Cuyos restos fueron sepultados en el Jardín Memorial tras una serie de actos que recorrieron instituciones emblemáticas de la vida democrática del país.
El homenaje póstumo incluyó paradas en la Liga Municipal Dominicana, el Congreso Nacional y la Casa Nacional del Partido Revolucionario Moderno, espacios donde se resaltó la impronta institucional del exministro y ex presidente del Senado, fallecido el viernes a los 76 años tras enfrentar quebrantos de salud.
En la Liga Municipal Dominicana, Víctor D’Aza evocó el episodio de 1999 que colocó a Alburquerque en el centro de una crisis institucional, subrayando su determinación para preservar el funcionamiento del Congreso en un contexto de alta tensión política.
El dirigente reconoció que aquel momento fue interpretado con dureza en su tiempo y ofreció disculpas póstumas por las críticas recibidas, reivindicando la firmeza democrática del homenajeado.
Durante el acto en el Congreso Nacional, el presidente del Senado, Ricardo de los Santos, destacó la capacidad intelectual de Alburquerque y su influencia en la formación de criterios sobre políticas públicas.
Lo describió como un referente del debate de ideas, con una vocación permanente por el estudio y la argumentación rigurosa.
En la Casa Nacional del PRM, José Ignacio Paliza resaltó la dimensión humana del dirigente y rechazó calificativos que lo encasillaban como una figura de temperamento duro.
Paliza lo definió como un hombre sensible, cercano a la naturaleza, la poesía y la música, y profundamente comprometido con el fortalecimiento institucional.
El componente familiar aportó uno de los momentos más emotivos de la jornada.
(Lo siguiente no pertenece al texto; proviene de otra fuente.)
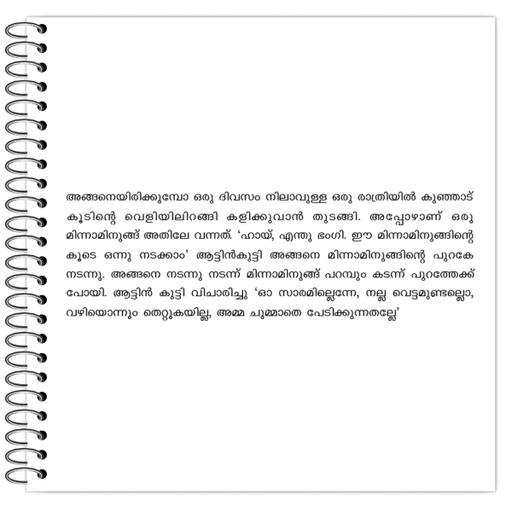 Picture of the product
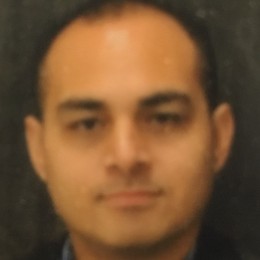 RISYAD BAHASUAN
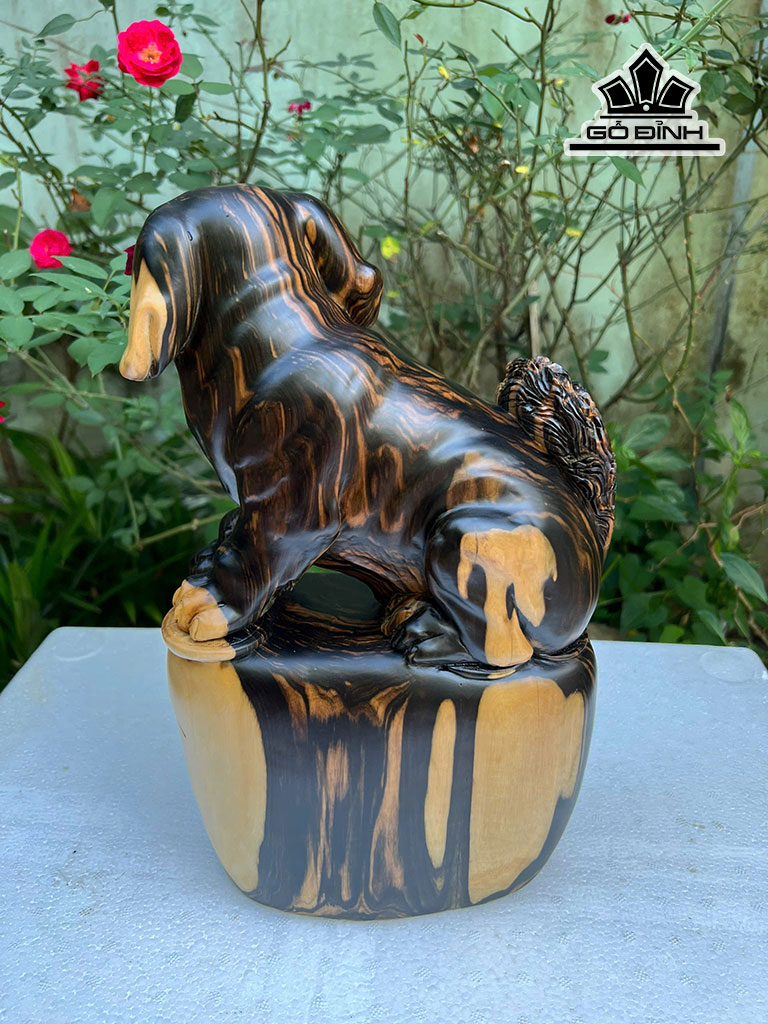 tuong-cho-go-mun-hoa-cao-36-ngang-21-sau-12-cm-456103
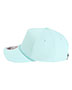 Imperial L5059 Women's The Corral Cap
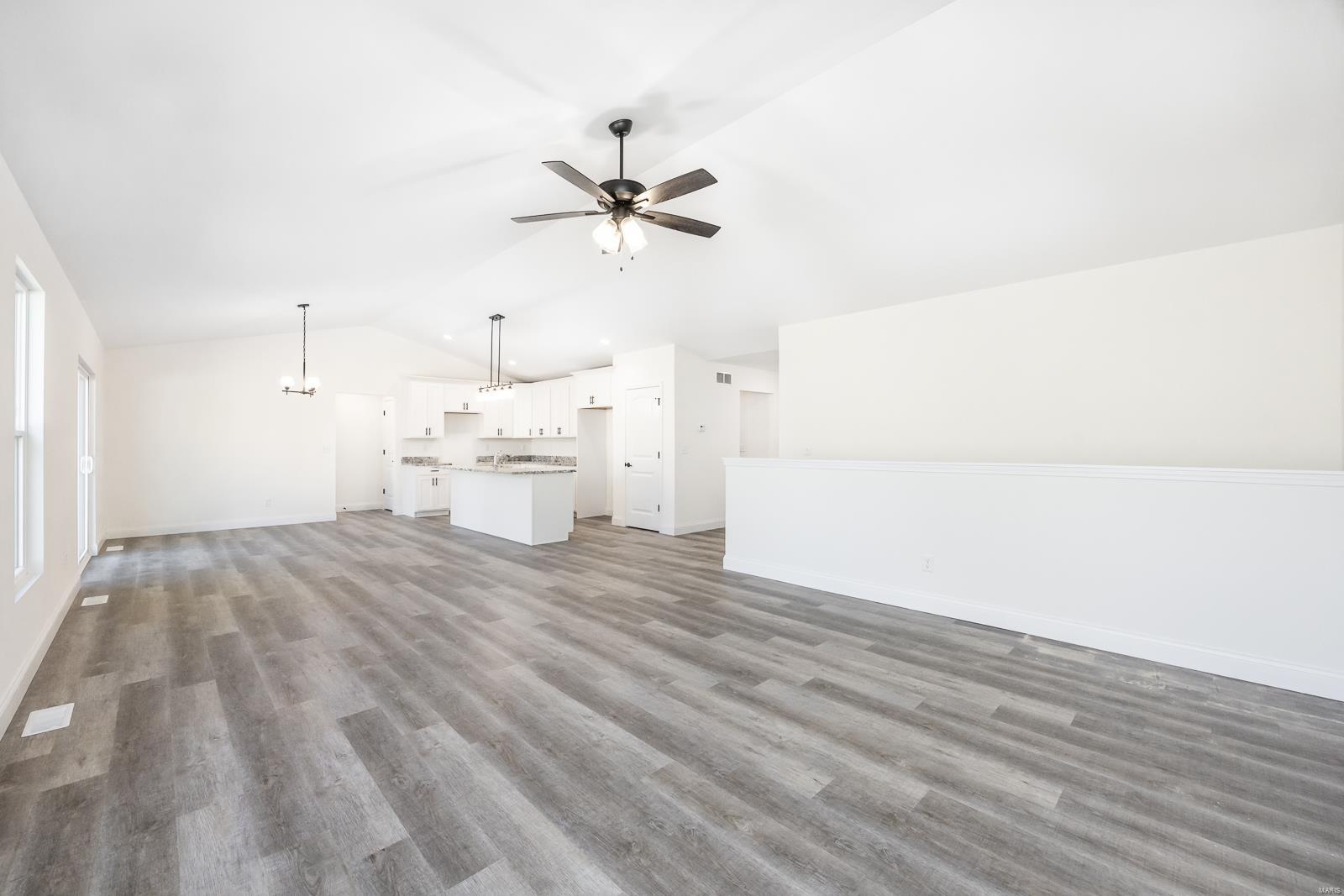 7349 Providence Property Photo 6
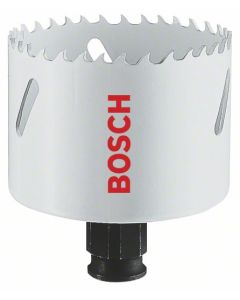 GATENZAAG  29 MM BOSCH PC WOOD+METAL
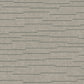 Purchase 4228-84139 | Maestro, Latitude - York Wallpaper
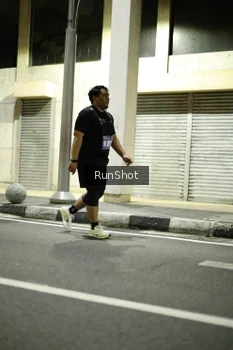 Runner Photo 4281496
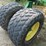 1990-john-deere-1990ccs-image-25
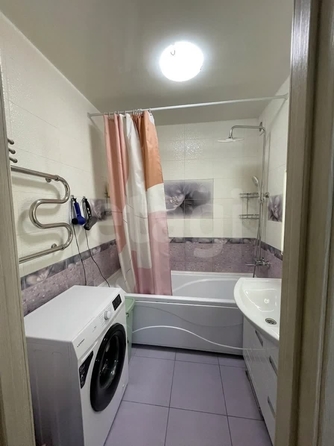 
  Продается 2-комн. квартира 55.2 м². Фото 7.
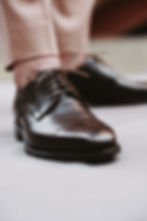 Outlooks Campbell Salmon Strellson-8.jpg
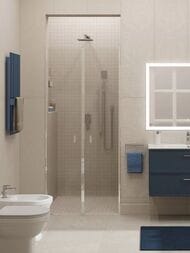 ������� KERAMA MARAZZI ��������� (200�400�16) ������-�������, FME012R (��.)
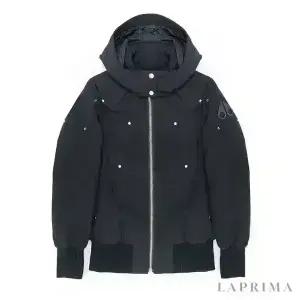 봄버 다운 자켓 M32LB002N-292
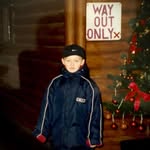 Craig Shepherd - @vanshep_395 - Instagram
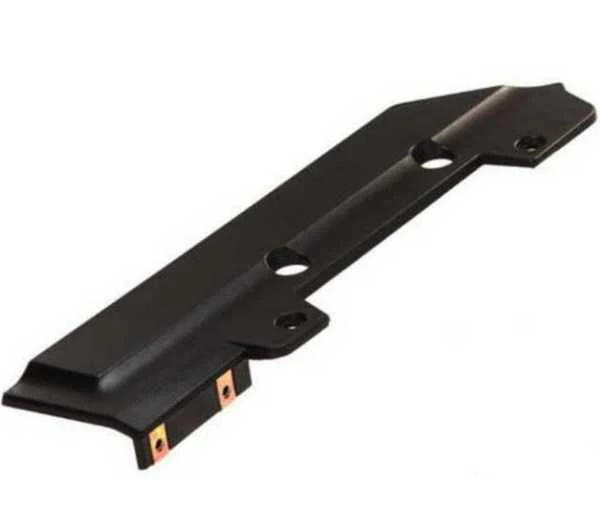Bracket, Cab Corner | VSV Otomotiv 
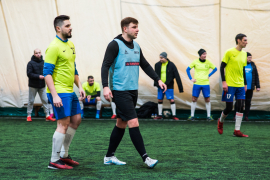 <a href="https://st.getinfootball.com/albums/1093282/67cb00607c10b_1920.jpg" target="_blank">Завантажити оригінал</a>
Mónica Alburquerque, hija del dirigente, compartió recuerdos íntimos y presentó el libro que su padre le dedicó, Me duele perder la ingenuidad de tu niñez, obra en la que reflexiona sobre valores humanos y sociales.
Recordó, además, las enseñanzas transmitidas en el seno familiar y el respeto inculcado por los mayores, en especial por su abuela Emelinda Ramón.
Su nieta Natalia Alburquerque también ofreció palabras que subrayaron el legado ético del académico.
En el plano político, Jesús “Chu” Vásquez contextualizó el rol de Alburquerque en momentos decisivos de la historia reciente, mientras Milagros Ortiz Bosch y Ginette Bournigal destacaron su coherencia y defensa constante del Estado de derecho.
La despedida concluyó entre aplausos sobrios y un silencio respetuoso que acompañó el sepelio, reflejo del reconocimiento colectivo a una vida dedicada al servicio público, al pensamiento crítico y a la democracia dominicana.
Legisladores, dirigentes del PRM y ciudadanos acompañaron a la familia Alburquerque, sellando un adiós que honró la trayectoria y el legado de Ramón Alburquerque Ramírez.